A Closer Look at TabPFN v2: Understanding Its Strengths and Extending Its Capabilities

Ye, Han-Jia, Si-Yang Liu, and Wei-Lun Chao. "A closer look at tabpfn v2: Strength, limitation, and extension." arXiv preprint arXiv:2502.17361 (2025).

arxiv: https://arxiv.org/pdf/2502.17361


Contents

  1. Abstract
  2. Introduction
  3. Related Work
  4. Backround
  5. Comprehensive Evaluation of TabPFN v2
  6. How Does TabPFN v2 Effectively Handle Data Heterogenity
  7. TabPFN v2 can be Trasnformed into an Effective Feature Encoder
  8. Improving TabPFN v2 via Test-Time Divide-and Conquer
  9. Conclusion


Abstract

TabPFN v2

  • Advancement in “tabular foundation models”
  • Unprecedented “ICL performance” across diverse downstream datasets


This paper = Closer look at TabPFN v2

  • How it effectively handles “heterogeneity” and achieves high predictive accuracy
  • How its limitations in “high-dimensional, many-category, and large-scale tasks” can be mitigated


Findings

  • TabPFN v2 can infer attribute relationships even when provided with randomized attribute token inputs, eliminating the need to explicitly learn dataset-specific attribute embeddings to address heterogeneity.
  • TabPFN v2 can be transformed into a feature extractor, revealing its ability to construct a highly separable feature space for accurate predictions
  • TabPFN v2’s limitations can be addressed through a test-time divide-and-conquer strategy, enabling scalable inference without requiring re-training.


1. Introduction

Tabular Prior-Fitted Network v2 (TabPFN v2)

  • Model) Transformer
  • Pretraining) Synthetic datasets
  • ICL) Applied to diverse downstream tasks without additional tuning.
  • Details
    • Input = Labeled training set and an unlabeled test instance
    • Output = Test label
  • Experiments: SoTA on both classification and regression


This paper = understand the mechanisms behind its success

  • (1) How it effectively handles dataset heterogeneity and achieves high predictive accuracy
  • (2) How to overcome its current limitations
    • Suggested data regime: of no more than 10,000 samples, 500 dimensions, and 10 classes


Major insights

  • (1) TabPFN v2 internalizes attribute token learning to handle data heterogeneity

    • Raw input = \(d\) attributes

    • Embedding: Each attribute Into fixed-dimensional tokens

    • Transformer: Handle variability in \(d\)

    • Prior works vs.
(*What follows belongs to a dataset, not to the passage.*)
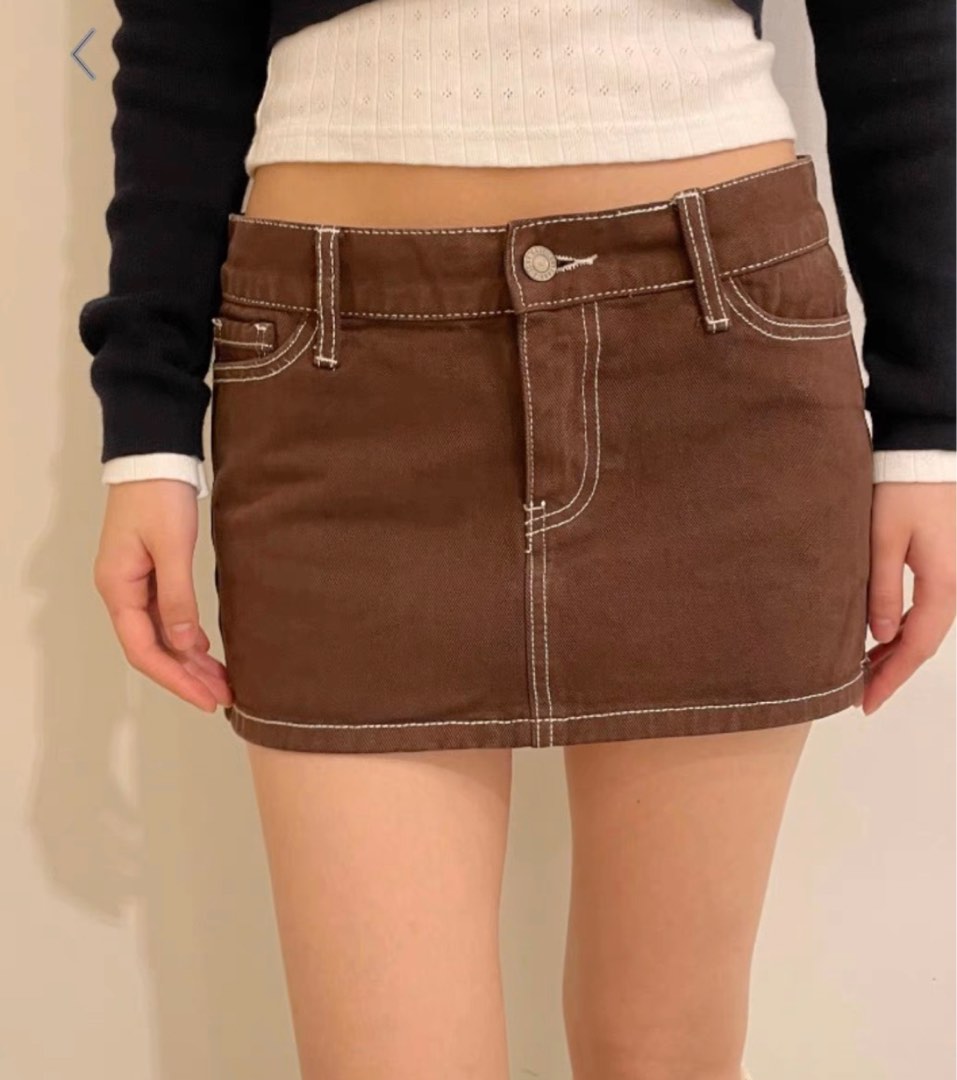 Falda Brandy Melville Malia Denim Mini - Azul | Denim 100% Algodón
TabPFN v2

      • Prior works : Rely on known attribute semantics (e.g., word vectors) or learn dataset-specific attribute tokens

      • TabPFN v2: Employs randomized attribute tokens (= resampled at each inference)
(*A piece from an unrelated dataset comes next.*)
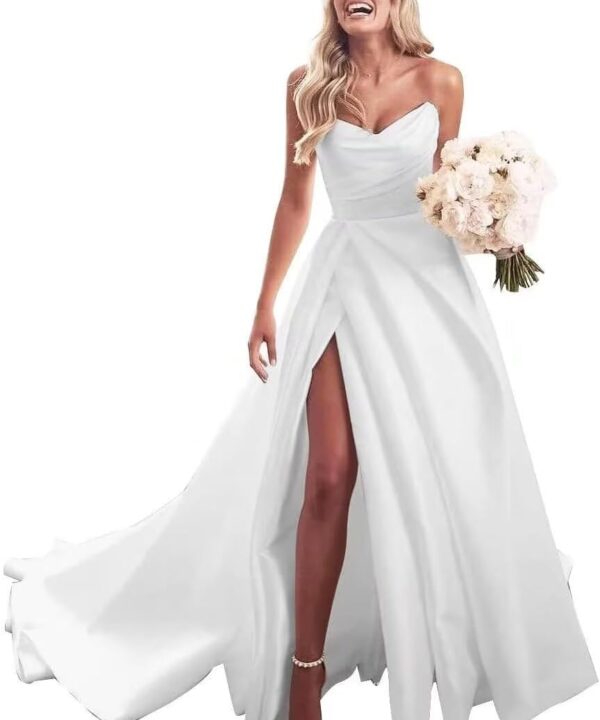 homdor Strapless Prom Dresses Long Ball Gown Satin Wedding Dress for Bride A Line Formal Evening Party Gowns with Slit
        \(\rightarrow\) Allows TabPFN v2 to be directly applied to new downstream datasets with varying dimensionalities and attribute meanings without additional tuning

    • Question) How does it still make accurate predictions?
    • Findings) Regardless of the randomness, TabPFN v2 can consistently infer attribute relationships through in-context learning, essentially integrating attribute token learning into the inference itself.
    • Summary) TabPFN v2 unifies representation learning and prediction within a single forward pass.
  • (2) TabPFN v2 can be repurposed as a feature extractor for downstream tasks.
    • Produces instance-level feature representations that are highly discriminative
    • Reveal that TabPFN v2 effectively maps tabular instances into a nearly linearly separable embedding space.
      • Remarkably, training a linear model on these features yields accuracy comparable to that of TabPFN v2’s in-context learner, highlighting its potential as a powerful feature encoder
  • (3) Test-time divide-and-conquer effectively mitigates TabPFN v2’s limitations.
    • TabPFN v2 faces challenges when applied to high-dimensional, many-category, or large-scale datasets.
    • These limitations can be effectively addressed through carefully designed post-hoc divide-and-conquer strategies, reminiscent of test-time scaling techniques developed for LLMs


Remark

  • In-depth investigation into TabPFN v2
  • Contribution lies in the novel analysis and principled extension of TabPFN v2


2. Related Work

(1) Learning with Tabular Data

Skip


(2) Tabular Foundation Models

Challenges of tabular data in foundation models = Heterogeneity

  • Variations in attribute spaces, dimensionalities, and label distributions

Solution:

  • (1) Leverage the semantic meanings of attributes
    • e.g., “Age is 25, height is 165, …” & apply LLM
  • (2) Improve transferability by pre-computing attribute tokens based on semantic embeddings
  • (3) TabPFN family
  • (4) Meta-learning
    • Generate model weights tailored for downstream tabular tasks with limited data
  • (5) Others:
    • Rely on lightweight fine-tuning to adapt to variations in attribute and label spaces


TabPFN family

  • Leverages the ICL capabilities of transformers to directly predict labels by contextualizing test instances among training examples.
  • Inspired subsequent pre-trained tabular models such as [49, 15, 58]
  • TabPFN v1
    • Pads attribute vectors to a fixed dimension
  • TabPFN v2
    • Introduces a specialized attribute tokenizer to handle heterogeneous input spaces.


(3) Variants of TabPFN

TabPFN’s success = Stems from its pre-training on massive synthetic datasets

\(\rightarrow\) Strong ICL performance on small-scale classification tasks


Improving scalability of TabPFNs

  • By addressing TabPFN’s sensitivity to context size [17, 74].
  • Further strategies to enhance downstream performance include context adaptation with nearest neighbor [66], partial fine-tuning [18, 47], pre-training on real-world datasets [49], scalable ensemble [47], and more powerful and efficient pre-training on synthetic data [58].
  • Most of these variants remain restricted to classification tasks due to limitations in TabPFN v1.


TabPFN v2 [29]

  • Extends TabPFN to support regression tasks and accommodate larger context sizes.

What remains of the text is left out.